Simulation of underground gravity gradients from stochastic seismic fields

TL;DR

This paper uses finite-element simulations of seismic fields to analyze underground gravity gradients, aiming to improve noise subtraction in gravitational-wave detectors through optimized seismometer placement.

Contribution

It introduces a finite-element simulation approach combining stochastic seismic models to accurately predict underground gravity gradients for gravitational-wave detector noise mitigation.

Findings

Finite-element simulations effectively model seismic displacement and gravity gradients.

Optimal seismometer placement improves gravity-gradient noise subtraction.

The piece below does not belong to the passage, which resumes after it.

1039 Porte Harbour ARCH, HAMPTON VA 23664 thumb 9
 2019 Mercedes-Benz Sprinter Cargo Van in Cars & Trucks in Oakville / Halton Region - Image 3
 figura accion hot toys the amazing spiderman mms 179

Error analysis guides practical seismometer array design.

Abstract

We present results obtained from a finite-element simulation of seismic displacement fields and of gravity gradients generated by those fields. The displacement field is constructed by a plane wave model with a 3D isotropic stochastic field and a 2D fundamental Rayleigh field. The plane wave model provides an accurate representation of stationary fields from distant sources. Underground gravity gradients are calculated as acceleration of a free test mass inside a cavity. The results are discussed in the context of gravity-gradient noise subtraction in third generation gravitational-wave detectors. Error analysis with respect to the density of the simulated grid leads to a derivation of an improved seismometer placement inside a 3D array which would be used in practice to monitor the seismic field.